• About this task
Only the lines below between the one holding "Thực Long Ma Pháp Sư - Chapter 118 - Page 27" and the one holding "win2023.biz", inclusive, are to be reproduced word for word; the pictures are to be left out.

Provided entries START

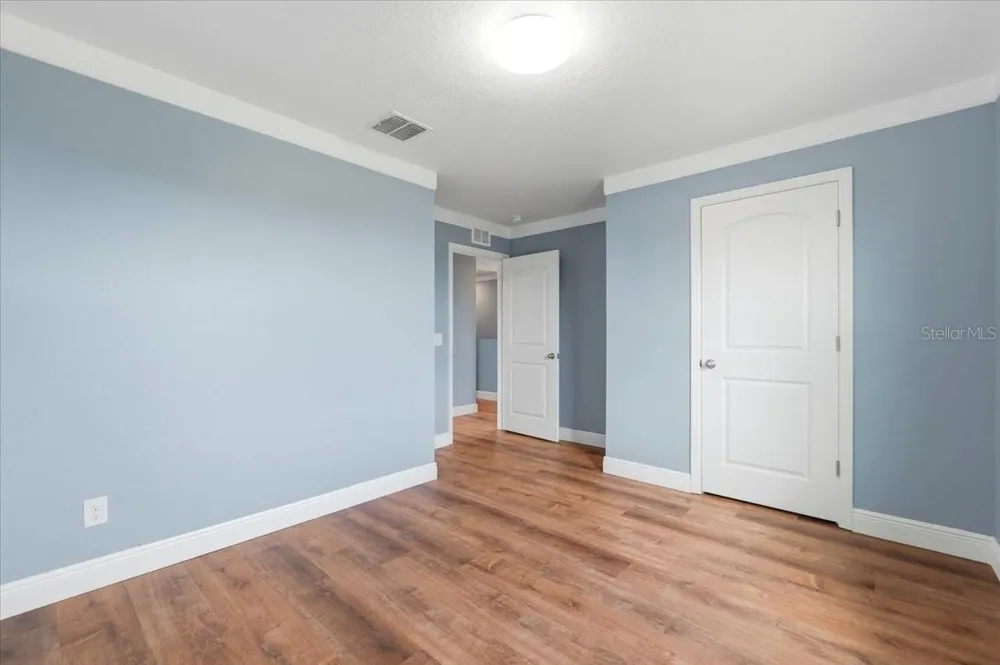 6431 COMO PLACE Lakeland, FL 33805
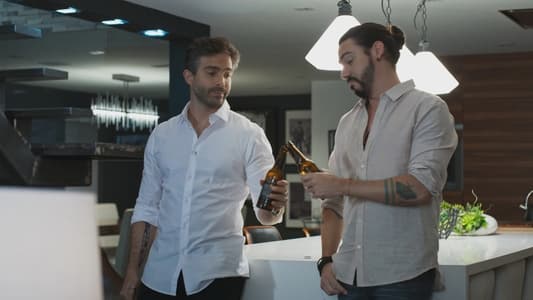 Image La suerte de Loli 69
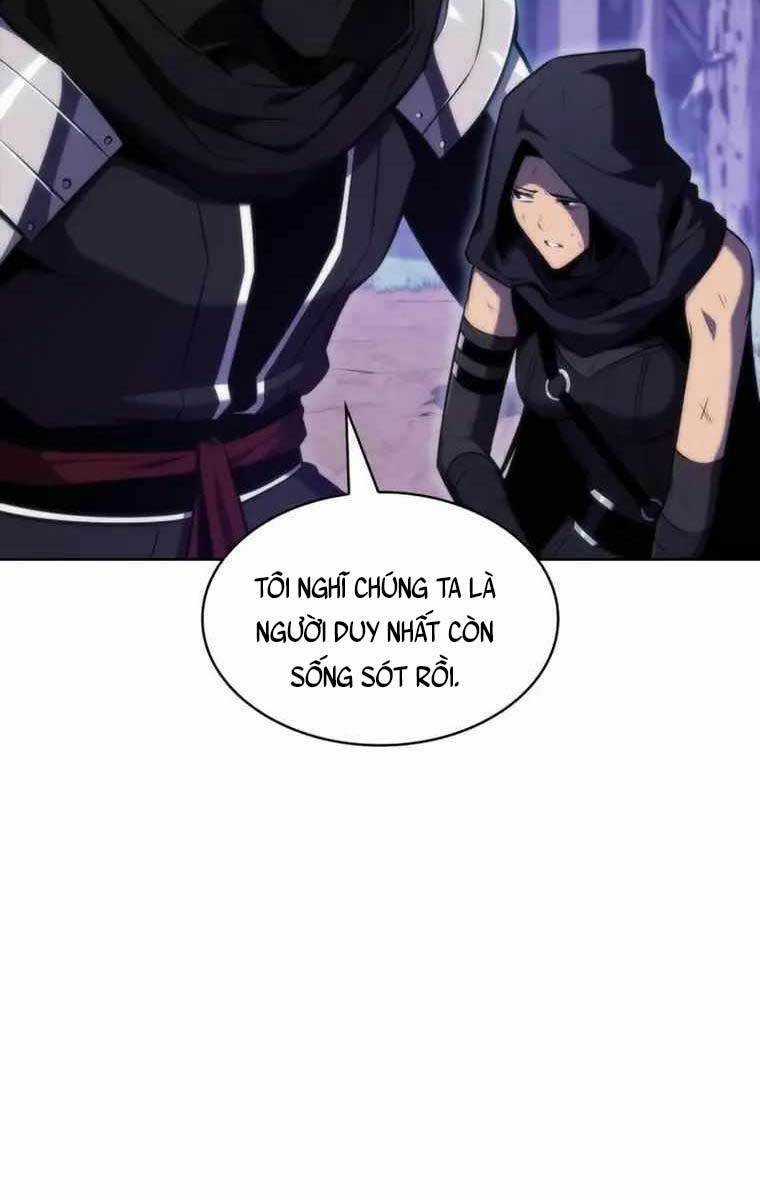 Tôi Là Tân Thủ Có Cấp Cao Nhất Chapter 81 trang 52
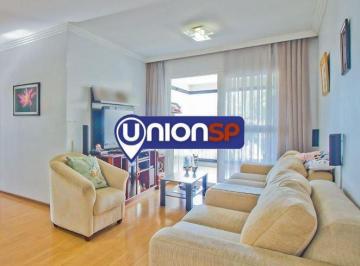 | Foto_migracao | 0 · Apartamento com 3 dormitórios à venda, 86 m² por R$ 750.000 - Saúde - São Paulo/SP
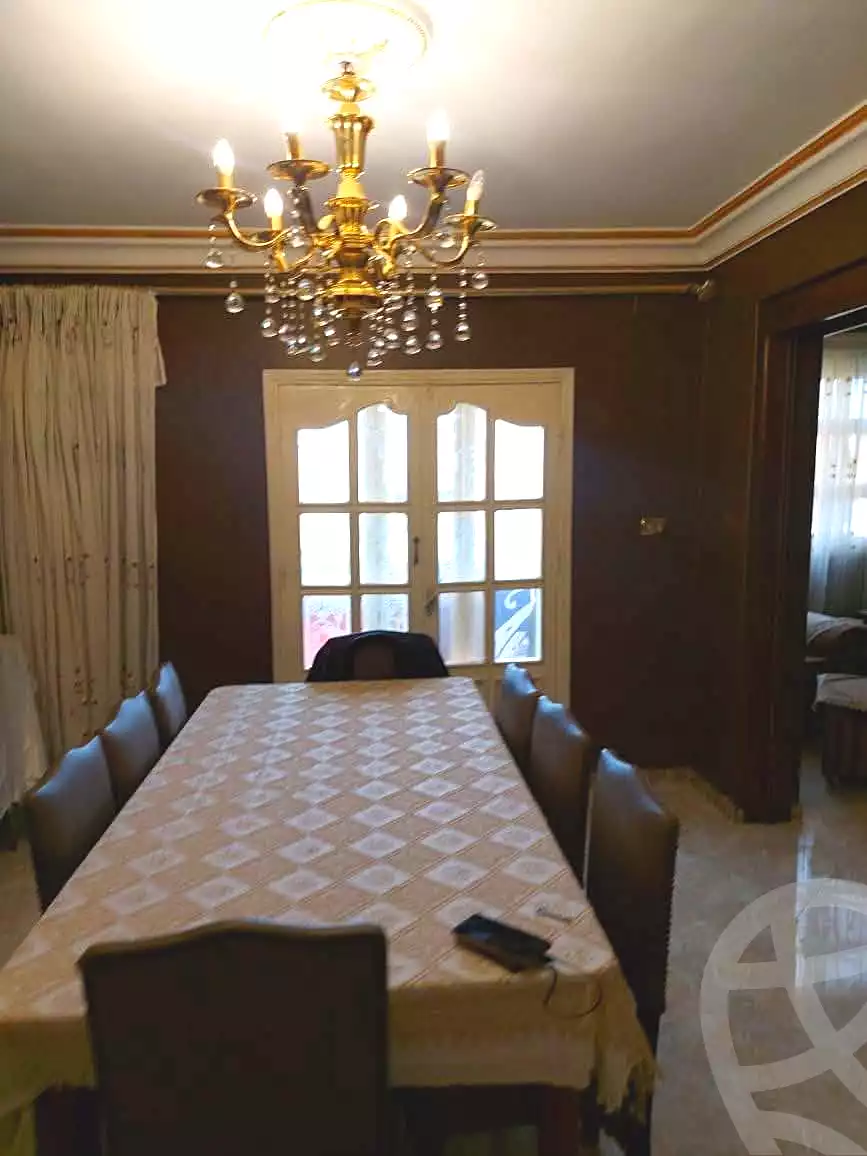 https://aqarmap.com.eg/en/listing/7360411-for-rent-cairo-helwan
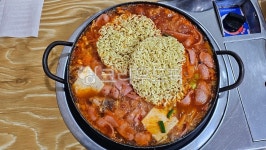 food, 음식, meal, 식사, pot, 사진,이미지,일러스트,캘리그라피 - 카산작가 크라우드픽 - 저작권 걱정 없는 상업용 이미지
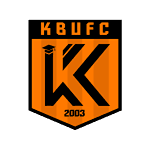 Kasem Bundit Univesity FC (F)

Provided entries END
Provided entries START

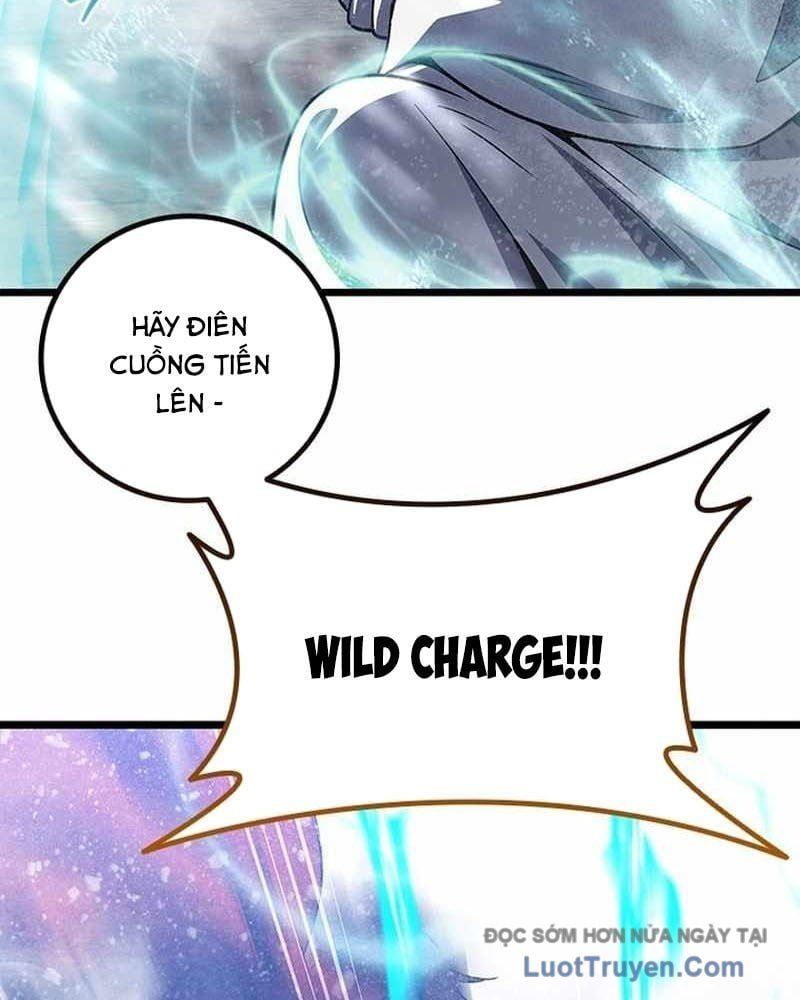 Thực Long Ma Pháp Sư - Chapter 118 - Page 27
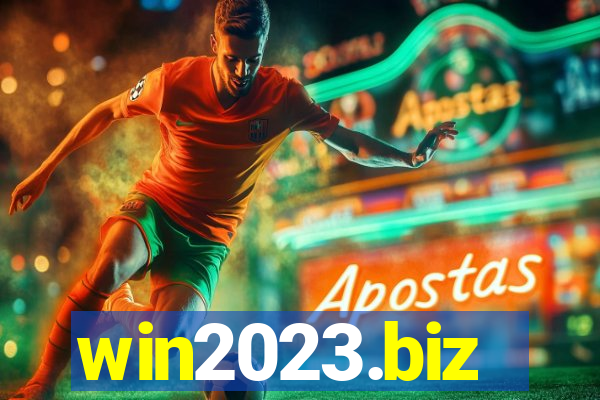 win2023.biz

Provided entries END

• The completed task
 Thực Long Ma Pháp Sư - Chapter 118 - Page 27
 win2023.biz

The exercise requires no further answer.